Available records section start

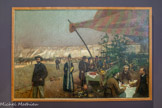 <center>Chez Brégaillon</center>David DELLEPIANE
Gènes, 1866 - Marseille, 1932.
Huile sur toile
Peintre et remarquable affichiste, Dellepiane témoigne de l’ouverture des artistes marseillais à l’évolution des courants artistiques de leur temps.
Chez Brégaiilon, célébration des bonheurs de la vie urbaine marseillaise, réunit plusieurs des grandes figures de l’école de Marseille de la fin du XIXe siècle.
Au premier plan à gauche, on reconnaît le peintre et compositeur marseillais, Ange Flégier (1846-1927). A droite, trois peintres sont attablés : Alfred Casile (1848- 1909), nous fait face, Dellepiane, l’auteur du tableau, s’est représenté de dos. Edouard Crémieux est vu de profil. Né à Marseille en 1856, il sera raflé dans la rue et déporté du camp de Drancy vers Auschwitz par le convoi n°72. Il sera assassiné avec sa femme à son arrivée dans le camp en mai 1944. Joseph Garibaldi (1863-1941) est debout devant l’étal, une canne à la main. La femme portant un cornet de coquillage est l’épouse d’Alfred Casile.
Les salons de Brégaillon, 3 quai de la Fraternité, étaient un fameux restaurant de poissons et de coquillages de Marseille. Ils tiraient leur nom du parc ostréicole de Brégaillon à la Seyne-sur-mer, le plus important de la région.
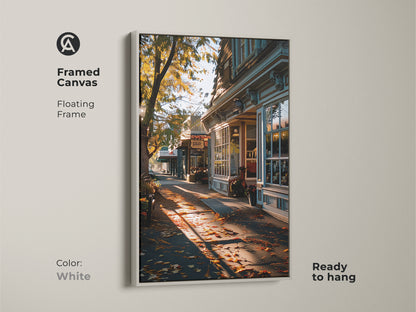 Framed canvas print of a golden autumn street scene. White floating frame makes the traditional artwork pop. Fallen leaves and warm light create a cozy feel. Ready to hang for easy fall decorating. This is high-quality seasonal art.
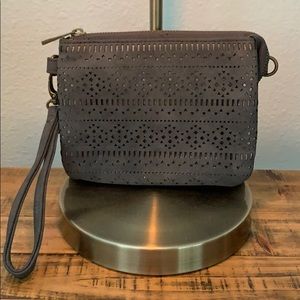 NWOT Maurices gray laser cut wristlet.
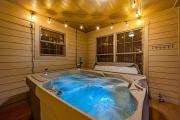 Luxury Cabin w Hot Tub Games Views await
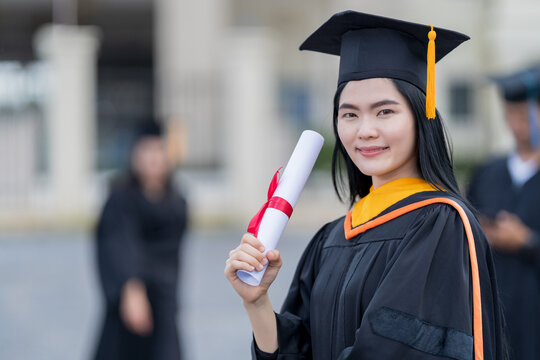 A young beautiful Asian woman university graduate in graduation gown and mortarboard holds a degree certificate stands in front of the university building after participating in college commencement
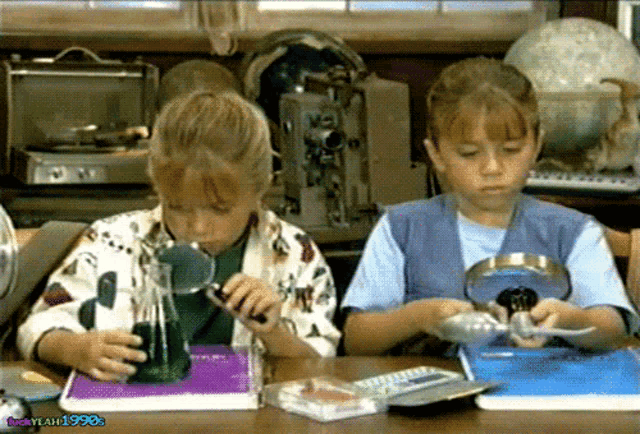 two girls looking through magnifying glasses with the year 1990s in the lower right corner
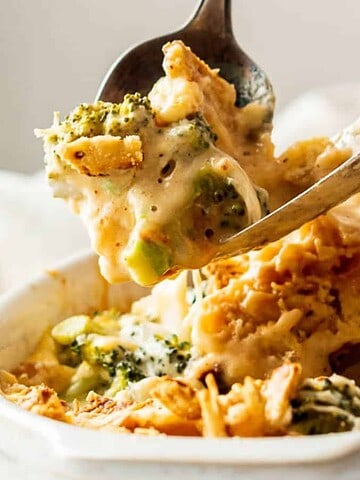 A spoonful of creamy broccoli and chicken casserole being lifted from a white dish. This comforting treat, topped with browned, crispy bits, is perfect for keeping the winter blues at bay. A blurred background reveals a white tablecloth and a hint of greenery.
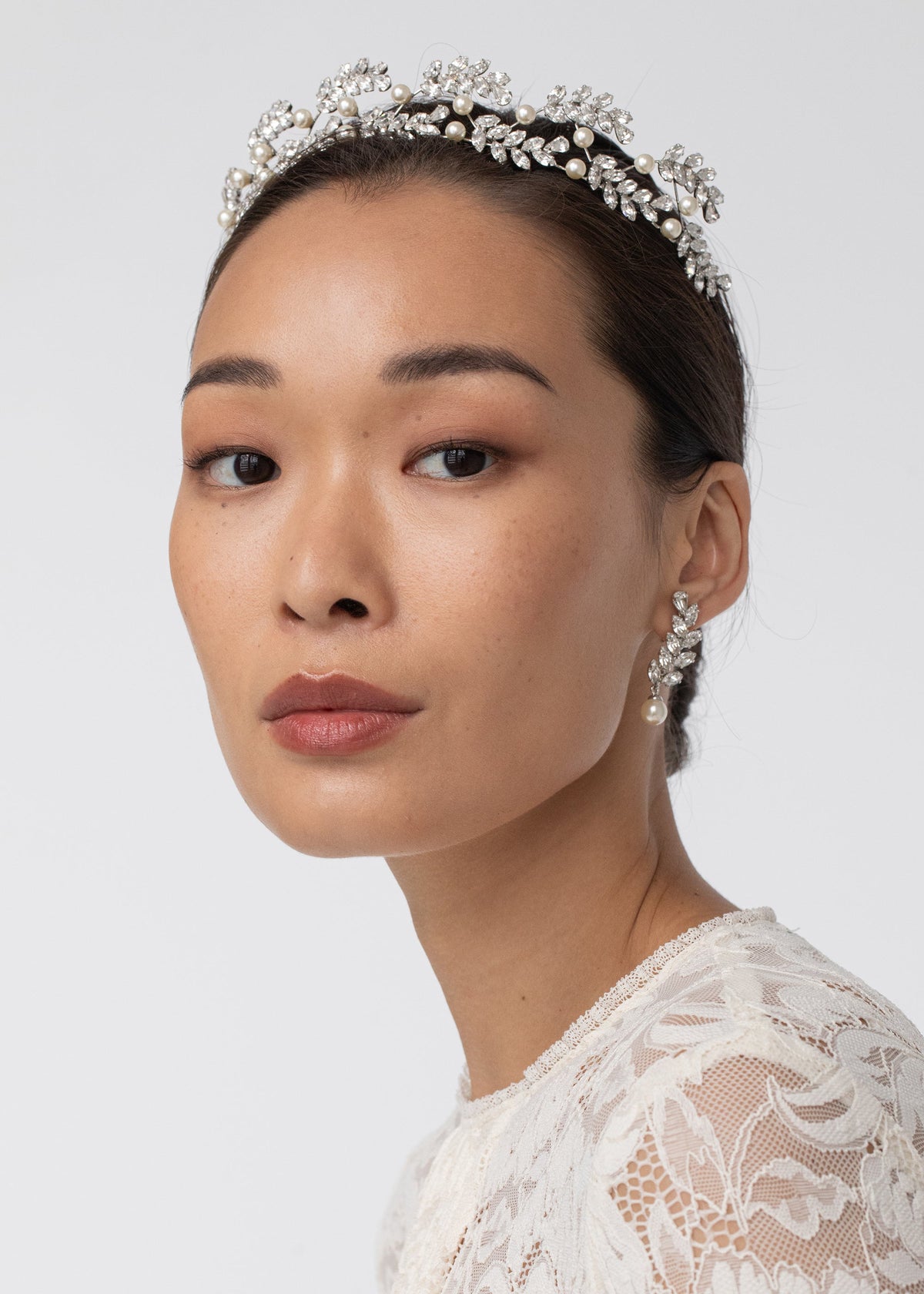 Close-up view of Delilah Tiara in Crystal showcasing crystal leaf sprays and pearls on a model against a light background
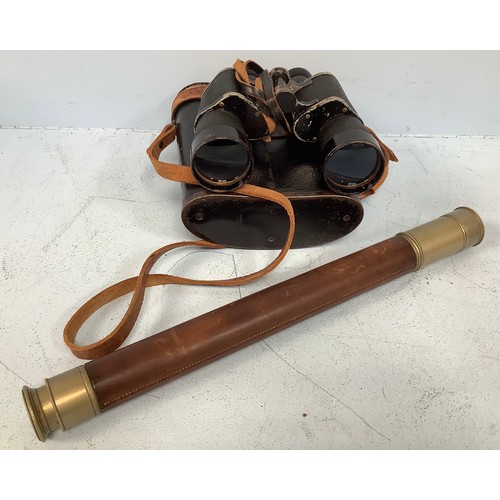 668 - A single-draw telescope by Ross, London, No. 66473, nickel and leather bound tube, with lens cap, st...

Available records section end

◆ **Exercise directions**: Give the lines of the entries above exactly as they appear, leaving out each picture.

◆ **Answer to the problem**:
 <center>Chez Brégaillon</center>David DELLEPIANE
Gènes, 1866 - Marseille, 1932.
Huile sur toile
Peintre et remarquable affichiste, Dellepiane témoigne de l’ouverture des artistes marseillais à l’évolution des courants artistiques de leur temps.
Chez Brégaiilon, célébration des bonheurs de la vie urbaine marseillaise, réunit plusieurs des grandes figures de l’école de Marseille de la fin du XIXe siècle.
Au premier plan à gauche, on reconnaît le peintre et compositeur marseillais, Ange Flégier (1846-1927). A droite, trois peintres sont attablés : Alfred Casile (1848- 1909), nous fait face, Dellepiane, l’auteur du tableau, s’est représenté de dos. Edouard Crémieux est vu de profil. Né à Marseille en 1856, il sera raflé dans la rue et déporté du camp de Drancy vers Auschwitz par le convoi n°72. Il sera assassiné avec sa femme à son arrivée dans le camp en mai 1944. Joseph Garibaldi (1863-1941) est debout devant l’étal, une canne à la main. La femme portant un cornet de coquillage est l’épouse d’Alfred Casile.
Les salons de Brégaillon, 3 quai de la Fraternité, étaient un fameux restaurant de poissons et de coquillages de Marseille. Ils tiraient leur nom du parc ostréicole de Brégaillon à la Seyne-sur-mer, le plus important de la région.
 Framed canvas print of a golden autumn street scene. White floating frame makes the traditional artwork pop. Fallen leaves and warm light create a cozy feel. Ready to hang for easy fall decorating. This is high-quality seasonal art.
 NWOT Maurices gray laser cut wristlet.
 Luxury Cabin w Hot Tub Games Views await
 A young beautiful Asian woman university graduate in graduation gown and mortarboard holds a degree certificate stands in front of the university building after participating in college commencement
 two girls looking through magnifying glasses with the year 1990s in the lower right corner
 A spoonful of creamy broccoli and chicken casserole being lifted from a white dish. This comforting treat, topped with browned, crispy bits, is perfect for keeping the winter blues at bay. A blurred background reveals a white tablecloth and a hint of greenery.
 Close-up view of Delilah Tiara in Crystal showcasing crystal leaf sprays and pearls on a model against a light background
 668 - A single-draw telescope by Ross, London, No. 66473, nickel and leather bound tube, with lens cap, st...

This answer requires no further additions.